# WHAT THE EXERCISE ASKS
Leave out the pictures and retype, exactly, the lines below from the line with "Beyaz arkaplanda parçalanmış" up to and including the line with "Costume Palazzo en", nothing more.

─── DATASET CONTENT

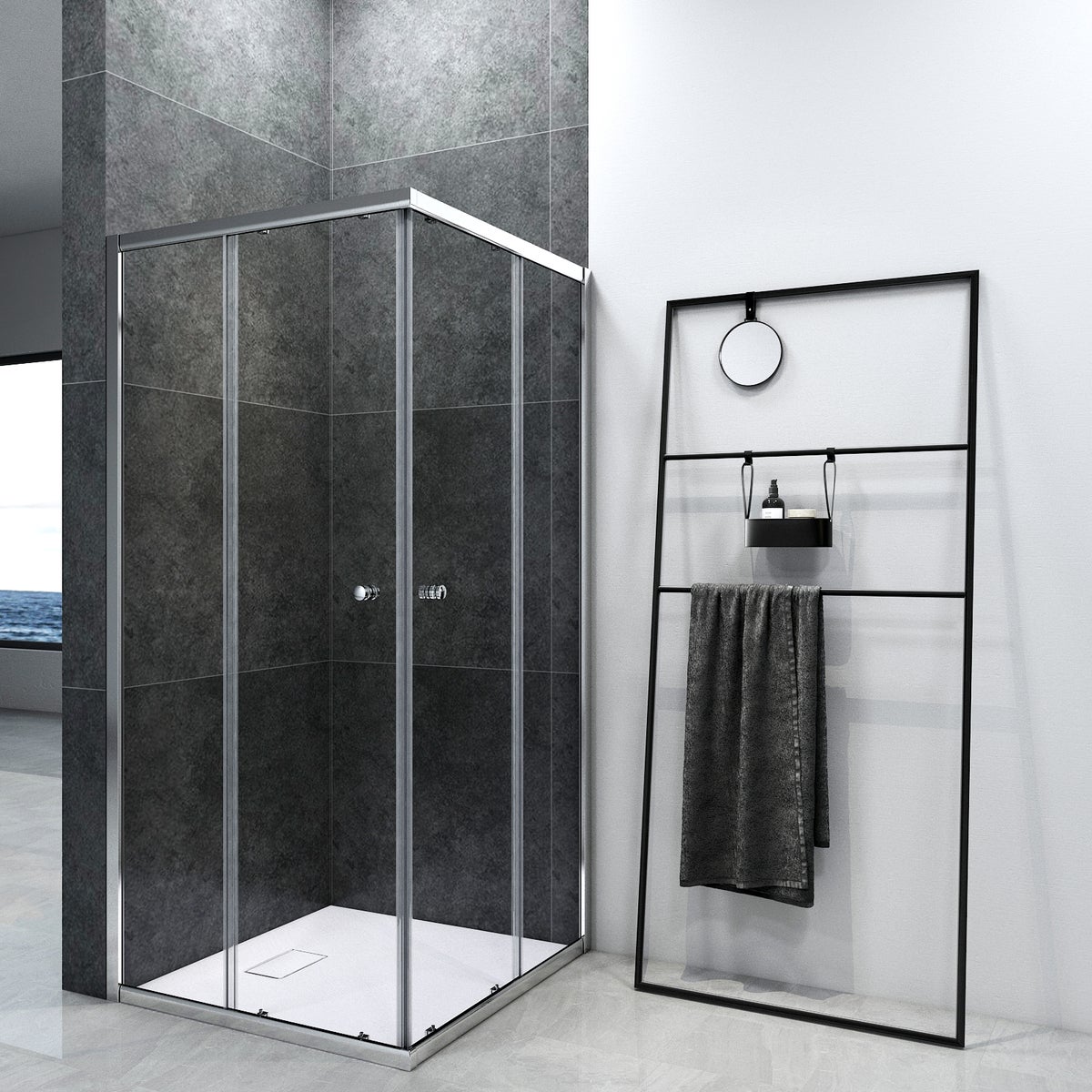 EMKE Douchecabine 80x100x185cm Dubbele Schuifdeur Hoek Instap Douchescherm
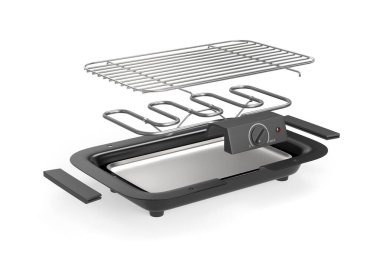 Beyaz arkaplanda parçalanmış elektrikli ızgara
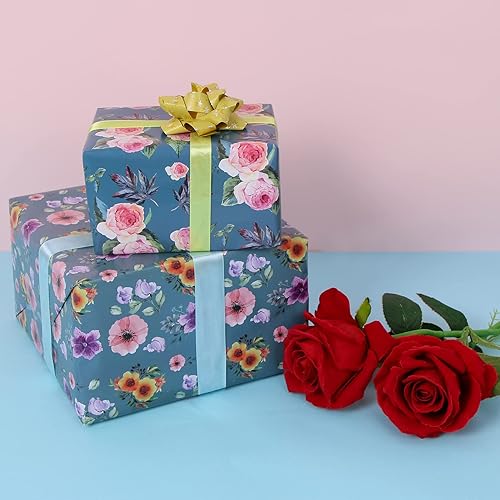 Vista 31 de Aimyoo Rollo de papel de estraza floral, papel de regalo de flores vintage para todas las ocasiones, para bodas, cumpleaños, despedidas de soltera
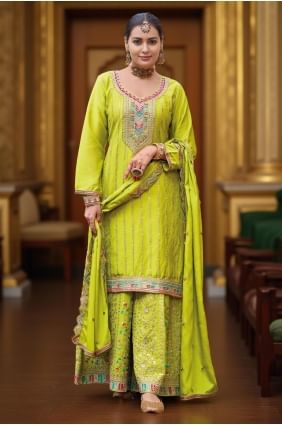 Costume Palazzo en mousseline de soie avec tissage vert perroquet PZ4200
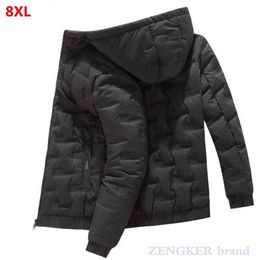 Winter new style young men's plus size fashion casual hooded coat lightweight down jacket black warm puffer jacket 8XL 7XL Y1103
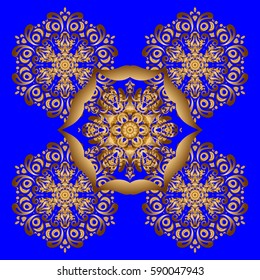 Vector gold monochrome design abstract mandala sacred geometry illustration triangle circles Merkaba lotus isolated on a blue background.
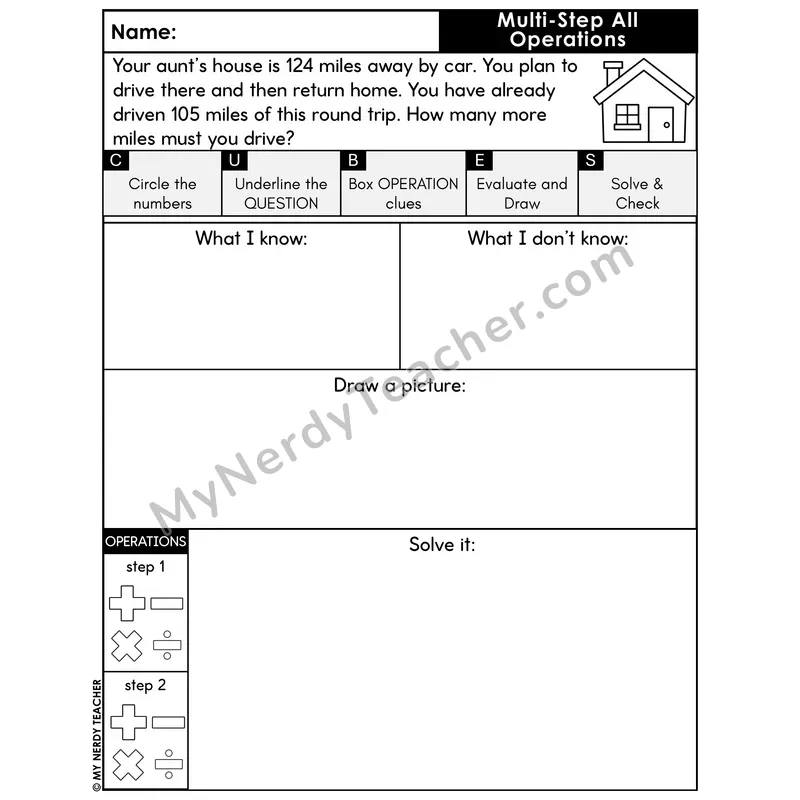 Multi-Step Word Problem #2 — Thanksgiving Math Printable CUBES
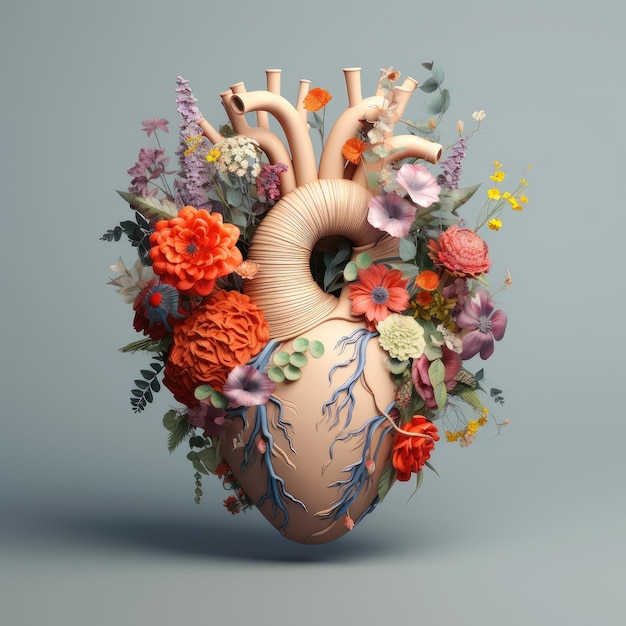 Bellissimo cuore anatomico con fiori e foglie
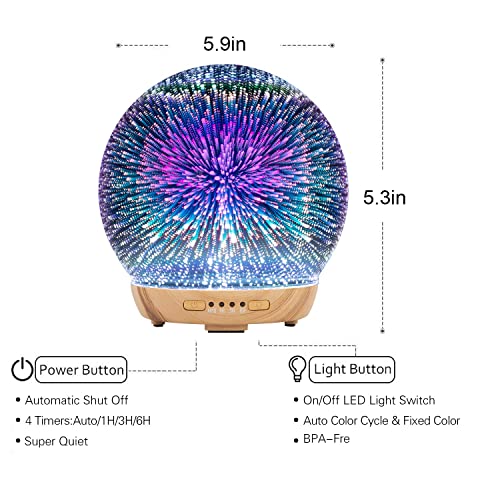 Coosa Essential Oil Diffuser -250Ml 3D Glass Aromatherapy Diffuser Cool Mist Humidifier With 4 Timer,2 Led Colors And Waterless Auto Shut-Off Settings For Home,Office #TOP7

──────

# REPLY TO THE EXERCISE
 Beyaz arkaplanda parçalanmış elektrikli ızgara
 Vista 31 de Aimyoo Rollo de papel de estraza floral, papel de regalo de flores vintage para todas las ocasiones, para bodas, cumpleaños, despedidas de soltera
 Costume Palazzo en mousseline de soie avec tissage vert perroquet PZ4200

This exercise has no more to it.